Sunday, December 21, 2008

Going to a Town

It has been a long, cold, lonely 8-year winter for progressives in America. January 20th brings about a change of regime, and it can't come soon enough for me. I will be going to D.C. for the inauguration. Even though Obama was not my first choice-- I was a Kucinich girl-- I am very much looking forward to celebrating the end of the Bush/Cheney years, and seeing the sights of the Capitol for the first time.

Sadly, for those of us involved in the effort to overturn Prop 8 in California, this week brought a big disappointment, in the form of Obama's choice of Rick Warren to deliver the invocation at his inauguration. Warren was instrumental in the passage of Proposition 8. He has expressed deeply prejudiced views towards homosexuals. Specifically, he has likened gay marriage to incest and pederasty. And unfortunately, his opinion carries a lot of weight in California and throughout the evangelical community all over the United States, thanks to his best-selling Christian self-help books. I disagree wholeheartedly with Steve Waldman of BeliefNet in his defense of Warren, but I agree completely with his assessment that some on the left confused Warren's "temperamental with political moderation".

Perhaps because I grew up in the world of Evangelical Christianity, Warren never had me fooled for a second. In my opinion he's just another Jerry Falwell, hiding behind his jolly, innocent-looking coutenance. He perpetuates fear-based and hateful stereotypes and myths about homosexuals from his bully pulpit, and that does absolutely nothing to move the sociopolitical climate in the United States towards inclusiveness and equality. So-called leaders like Warren are stubbornly, decidedly not part of the solution, and you know how the saying goes...

It is for that simple reason that I am deeply dismayed, even appalled, that Obama would choose to include him in the events of January 20th.

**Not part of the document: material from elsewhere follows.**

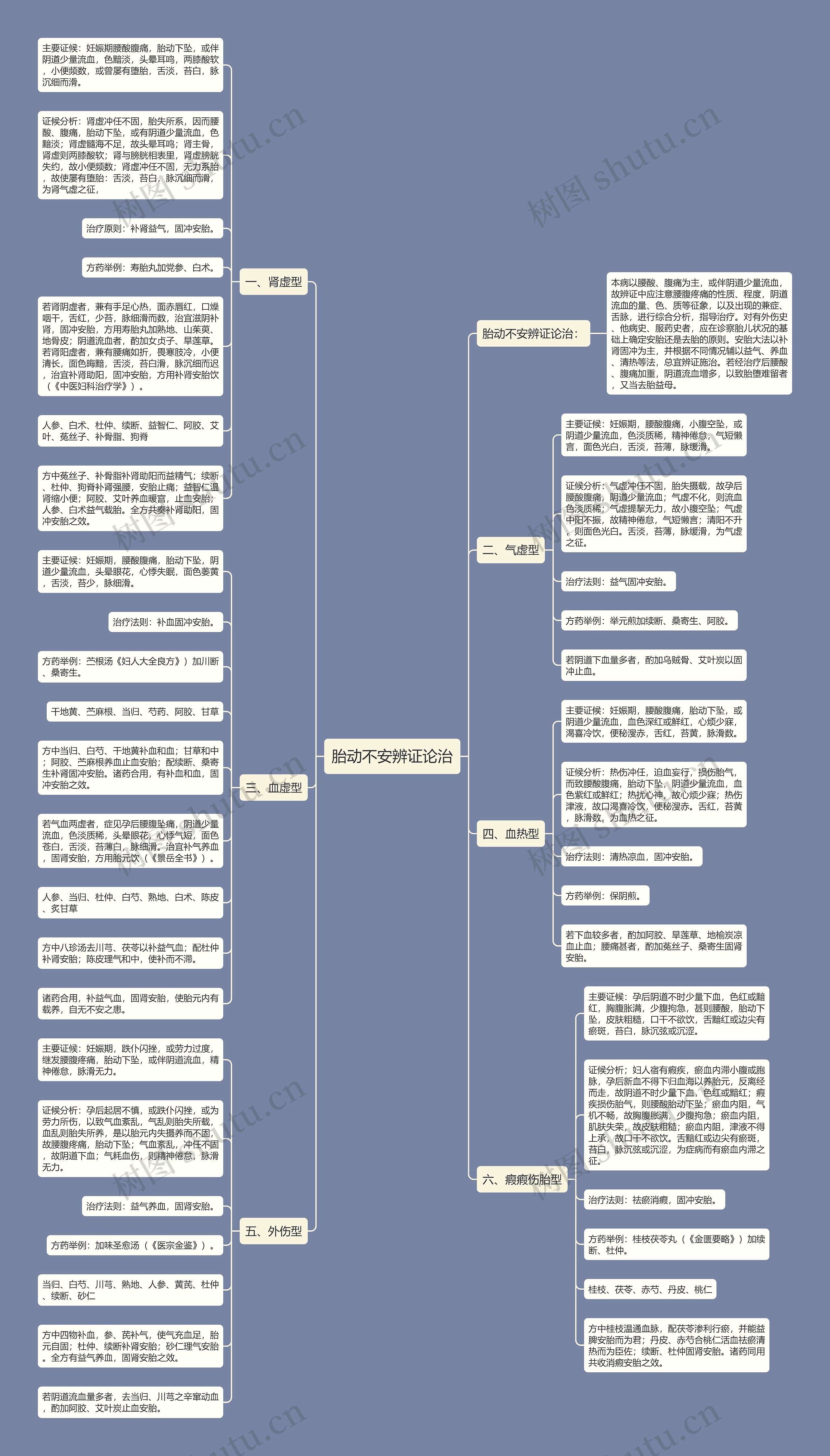 胎动不安辨证论治 胎动不安辨证论治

The argument that Obama, in choosing Warren, is somehow reaching across the aisle or promoting what Waldman calls "spiritual bipartisanship" is utter nonsense. Nobody ever suggested the ridiculous notion that Martin Luther King Jr. give the likes of Bull Connor a "seat at the table". MLK Jr. had clarity of purpose; he saw that Connor and his ilk were the very people who were standing in the way of progress. He moved the cause of civil rights forward in spite of such people. Like Sarah Harmer sang, You must decide/if you will die or grow. It is time for America to evolve beyond this ridiculous, fear-based bigotry. Homophobia is so 20th century.

Yes, I do understand that Martin Luther King, Jr. was a civil rights leader, not a politician. Obama's job is to represent all Americans. Even people like Warren and his sheep. So, I suppose that there's a certain generosity of spirit in extending an olive branch such as this, to those who are flat-out unwilling to extend the same courtesy to the LGBT community. A wrongheaded choice, because it lends more legitimacy to someone whose agenda should not be legitimized, but perhaps done with the best of intentions. That would be a classic liberal mistake, after all.

Evan Wolfson, executive director of Freedom to Marry, had this to say: "It's hard to begin a ceremony aimed at bringing the country together by giving the microphone to someone fresh off a campaign in which he was determined to take away rights." Well-put, Mr. Wolfson.

Unfortunately, there is another possible explanation for Obama's choice of Warren. John Cloud of Time may be correct when he compares Obama to Richard Russell Jr., another thoughtful, tolerant-sounding politican...

Christopher Hitchens ponders the matter while delving into Warren's roots in a recent article at Slate:
Is it possible that Obama did not know the ideological background of his latest pastor? The thought seems plausible when one recalls the way in which he tolerated the odious Jeremiah Wright. Or is it possible that he does know the background of racism and superstition and sectarianism but thinks (as with Wright) that it might be politically useful in attracting a certain constituency? Either of these choices is pretty awful to contemplate.
Only time will tell.
Rufus Wainwright's Going to a Town from his album Release the Stars gives voice to the weariness, sadness, frustration and resentment that I'm feeling right now.